Requirement >> Output only the lines below that start at the line containing "Everton vs Man" and end at the line containing "2025年的e直融下款容易吗", with both ends kept.

Records shown >>
= Beginning of Section =
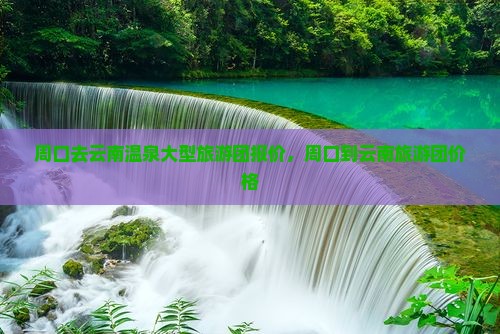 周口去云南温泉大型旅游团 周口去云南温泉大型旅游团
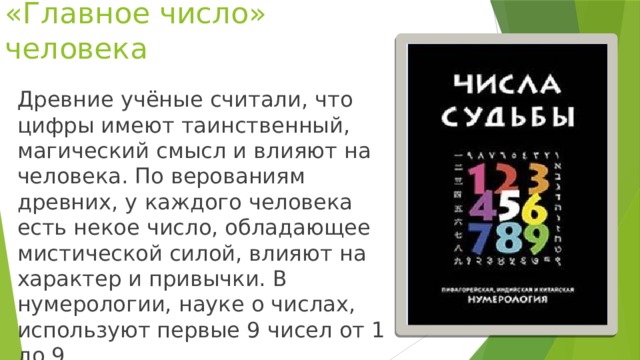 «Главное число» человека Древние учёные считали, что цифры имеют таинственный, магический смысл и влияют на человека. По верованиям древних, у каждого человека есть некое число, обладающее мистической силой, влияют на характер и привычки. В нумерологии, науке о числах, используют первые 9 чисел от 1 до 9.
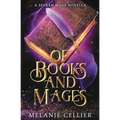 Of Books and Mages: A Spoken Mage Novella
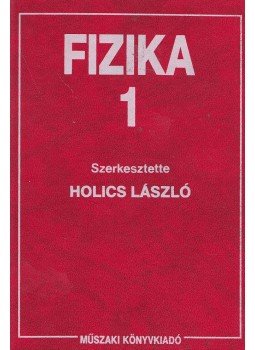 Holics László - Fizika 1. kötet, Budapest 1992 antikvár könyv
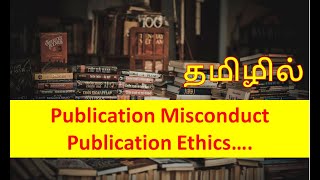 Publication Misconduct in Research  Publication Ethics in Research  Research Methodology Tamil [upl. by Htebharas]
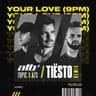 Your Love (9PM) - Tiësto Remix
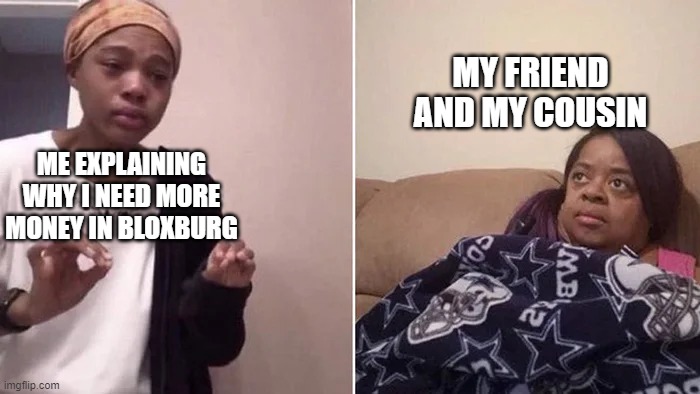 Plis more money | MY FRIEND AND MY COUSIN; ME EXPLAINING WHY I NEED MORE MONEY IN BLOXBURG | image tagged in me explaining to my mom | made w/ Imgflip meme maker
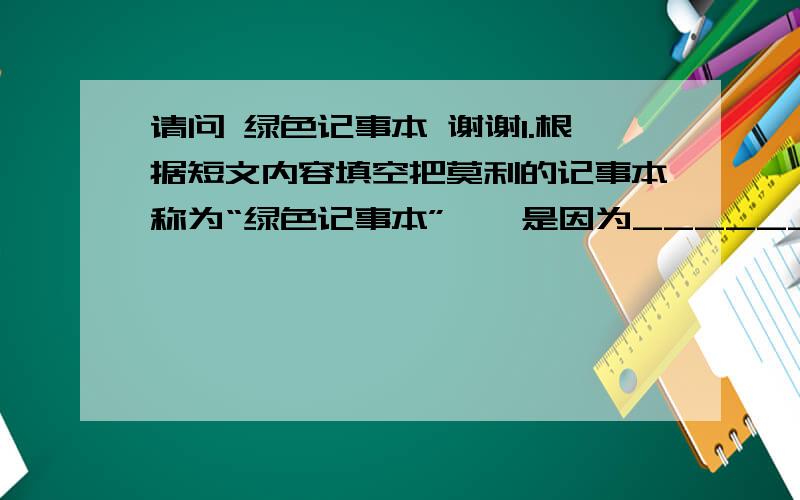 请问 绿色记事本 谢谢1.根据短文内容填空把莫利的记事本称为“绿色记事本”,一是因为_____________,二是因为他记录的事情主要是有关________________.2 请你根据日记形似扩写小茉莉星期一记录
= End of Section =
= Beginning of Section =
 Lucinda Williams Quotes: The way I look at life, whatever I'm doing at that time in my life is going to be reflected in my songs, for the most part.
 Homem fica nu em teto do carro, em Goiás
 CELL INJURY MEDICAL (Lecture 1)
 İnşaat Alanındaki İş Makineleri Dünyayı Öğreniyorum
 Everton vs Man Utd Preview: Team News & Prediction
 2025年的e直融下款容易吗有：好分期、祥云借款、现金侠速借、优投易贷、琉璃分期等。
= End of Section =
Written answer >>
 Everton vs Man Utd Preview: Team News & Prediction
 2025年的e直融下款容易吗有：好分期、祥云借款、现金侠速借、优投易贷、琉璃分期等。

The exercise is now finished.